:: Record extracts

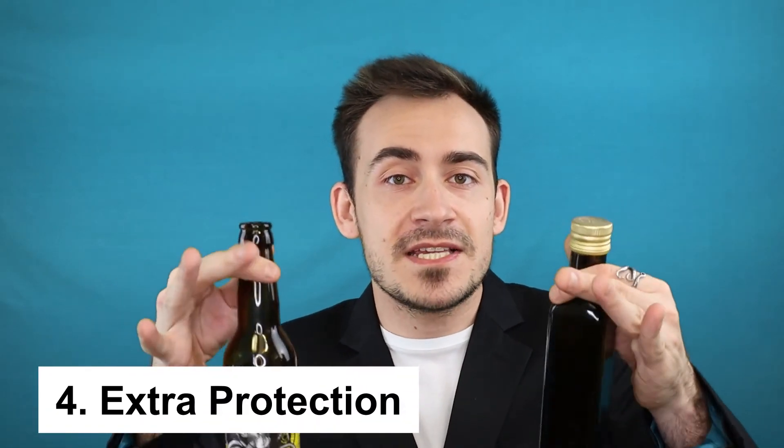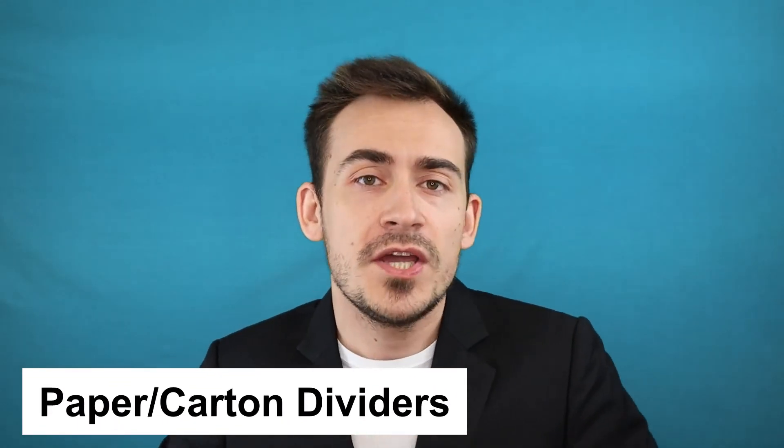Since what is damaging your labels the most is transport — those labels scratching against each other — if varnishes and lamination are not working, I would suggest investing some more money in defending them inside the boxes. I'm talking about dividers, both in paper and carton, and wrapping the bottles. When it comes to dividers, be very careful: you don't want cheap dividers because cheap dividers use rough paper, which acts like an abrasive material and will actually do more damage. Use smooth, higher-quality dividers instead.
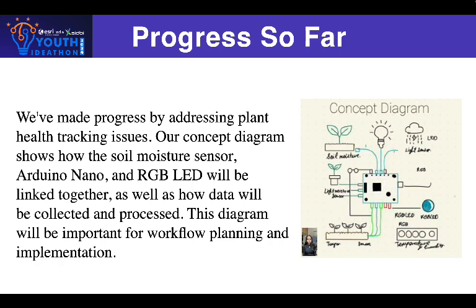This diagram, which demonstrates how data will be collected and processed, will be critical in the workflow planning and implementation process. With this framework in place, we will be ready to effectively implement the Plant Health Monitor.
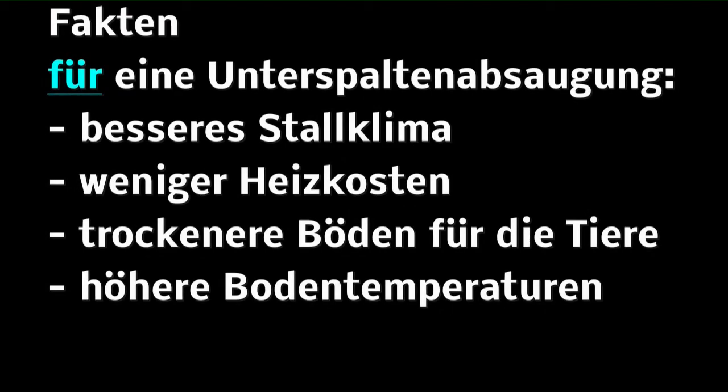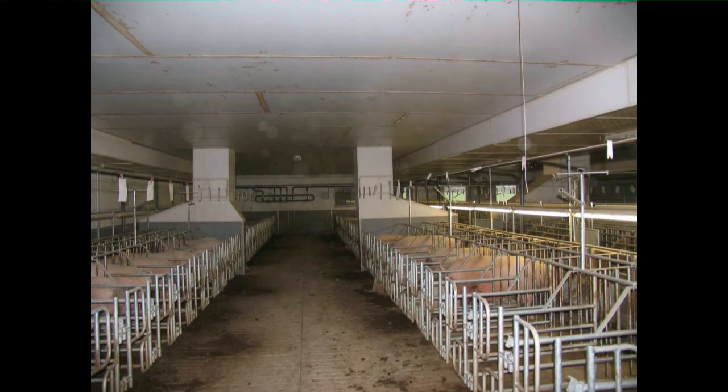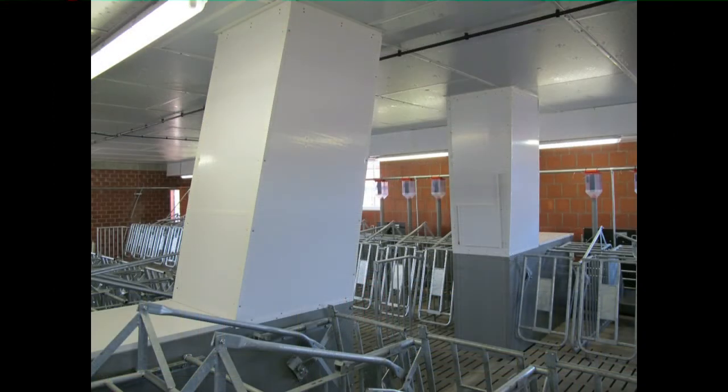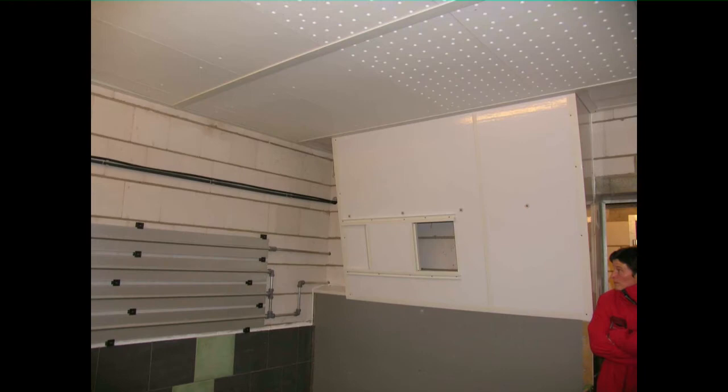Es sprechen also klare Fakten für eine Unterspaltenabsaugung. Bereits in der Planungsphase müssen die Rahmenbedingungen für diese Unterspaltenabsaugung geschaffen werden. Zum Beispiel müssen ausreichende Güllekanaltiefen vorhanden sein, um auch die Vorschriften der TH Luft beachten zu können. Nach der Planung erfolgt dann die Umsetzung in der Praxis: hier in einem Wartestall, hier in einem Mastabteil, hier wiederum in einem Mastabteil in der Mitte abgesaugt. Hier sehen wir das Ganze nochmal in einem Warteabteil bzw. Deckzentrum, das gleiche Abteil aus einer anderen Perspektive, auch zwischen den Buchten integriert, und hier nochmal in einem Ferkelaufzuchtabteil.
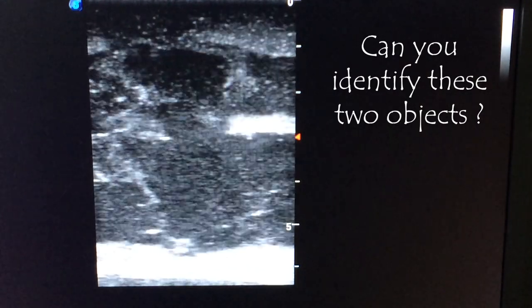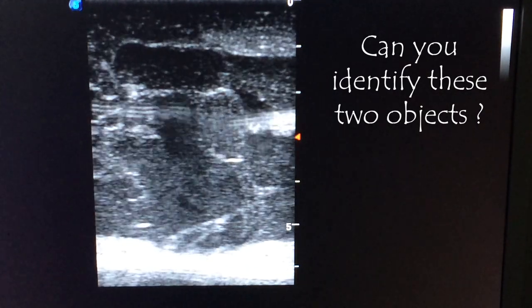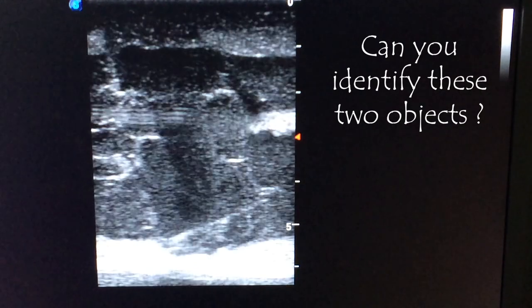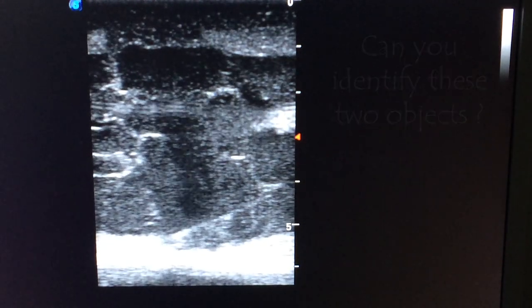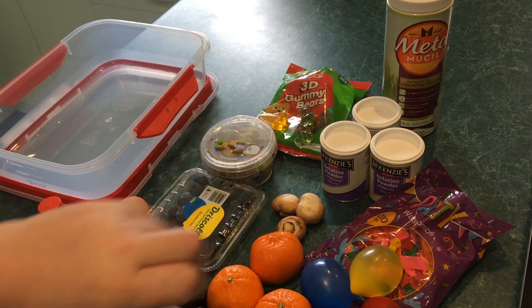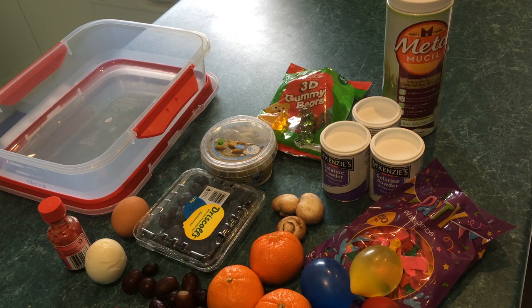You won't see these normally on an ultrasound. Do you know what they are? Hello everyone, my name is Dr. Ferox and this glorious mess is in aid of making ultrasound phantoms today.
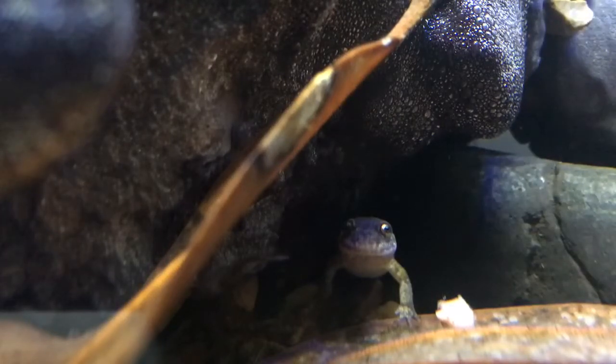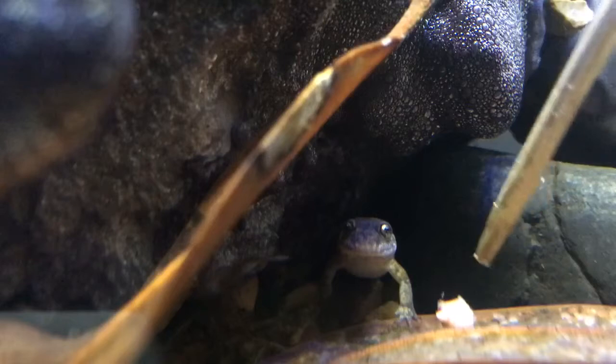Within, I'd say, 10 seconds or so, he was on it and ate it. This other piece he kind of left there because I guess he was sort of full, but I just wanted to basically stress how strong the sense of smell is of an aquatic salamander, even in the water.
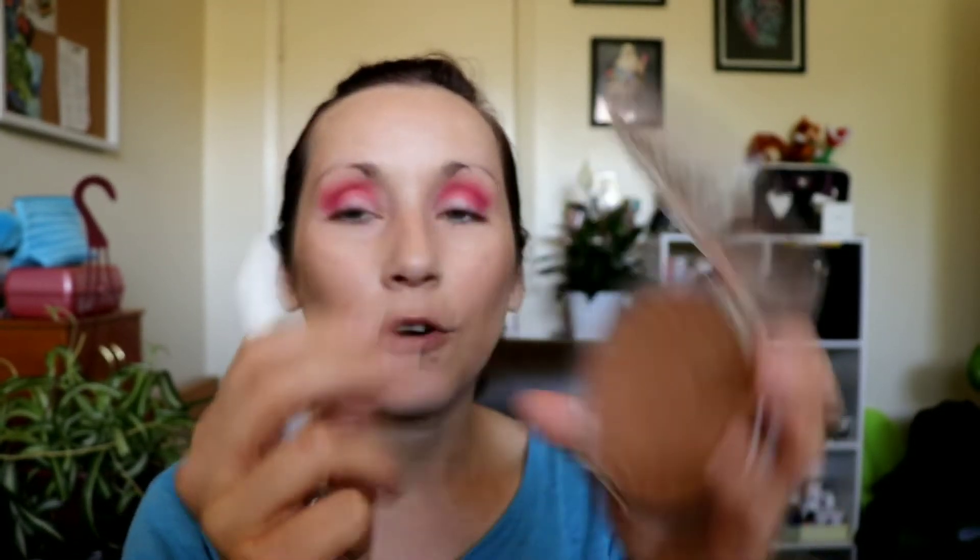I'm going to do some other bronzer on my neck — I'm going to use the Essence Matte Bronzing Powder. I love this stuff. Whenever I do cream bronzer, I don't do cream bronzer on the neck — I think it'll get everywhere — so I do powder just to make everything look a little even. I also don't set cream bronzers with powder bronzer because then why did you even use the cream bronzer? I see people do that every now and then and I don't get it.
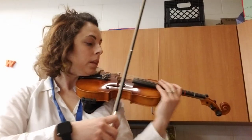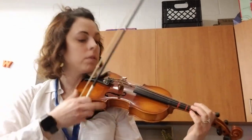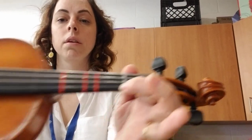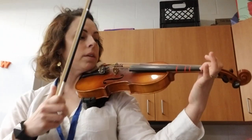This is a help video for German Lullaby. Let's check that our first finger is in tune, see that it's covering completely on the tape, and then we're going to start on a down bow.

::::

▶ **What you need to do**:
With the pictures left out, output all the entries exactly.

▶ **Exercise response**:
Since what is damaging your labels the most is transport — those labels scratching against each other — if varnishes and lamination are not working, I would suggest investing some more money in defending them inside the boxes. I'm talking about dividers, both in paper and carton, and wrapping the bottles. When it comes to dividers, be very careful: you don't want cheap dividers because cheap dividers use rough paper, which acts like an abrasive material and will actually do more damage. Use smooth, higher-quality dividers instead.
This diagram, which demonstrates how data will be collected and processed, will be critical in the workflow planning and implementation process. With this framework in place, we will be ready to effectively implement the Plant Health Monitor.
Es sprechen also klare Fakten für eine Unterspaltenabsaugung. Bereits in der Planungsphase müssen die Rahmenbedingungen für diese Unterspaltenabsaugung geschaffen werden. Zum Beispiel müssen ausreichende Güllekanaltiefen vorhanden sein, um auch die Vorschriften der TH Luft beachten zu können. Nach der Planung erfolgt dann die Umsetzung in der Praxis: hier in einem Wartestall, hier in einem Mastabteil, hier wiederum in einem Mastabteil in der Mitte abgesaugt. Hier sehen wir das Ganze nochmal in einem Warteabteil bzw. Deckzentrum, das gleiche Abteil aus einer anderen Perspektive, auch zwischen den Buchten integriert, und hier nochmal in einem Ferkelaufzuchtabteil.
You won't see these normally on an ultrasound. Do you know what they are? Hello everyone, my name is Dr. Ferox and this glorious mess is in aid of making ultrasound phantoms today.
Within, I'd say, 10 seconds or so, he was on it and ate it. This other piece he kind of left there because I guess he was sort of full, but I just wanted to basically stress how strong the sense of smell is of an aquatic salamander, even in the water.
I'm going to do some other bronzer on my neck — I'm going to use the Essence Matte Bronzing Powder. I love this stuff. Whenever I do cream bronzer, I don't do cream bronzer on the neck — I think it'll get everywhere — so I do powder just to make everything look a little even. I also don't set cream bronzers with powder bronzer because then why did you even use the cream bronzer? I see people do that every now and then and I don't get it.
This is a help video for German Lullaby. Let's check that our first finger is in tune, see that it's covering completely on the tape, and then we're going to start on a down bow.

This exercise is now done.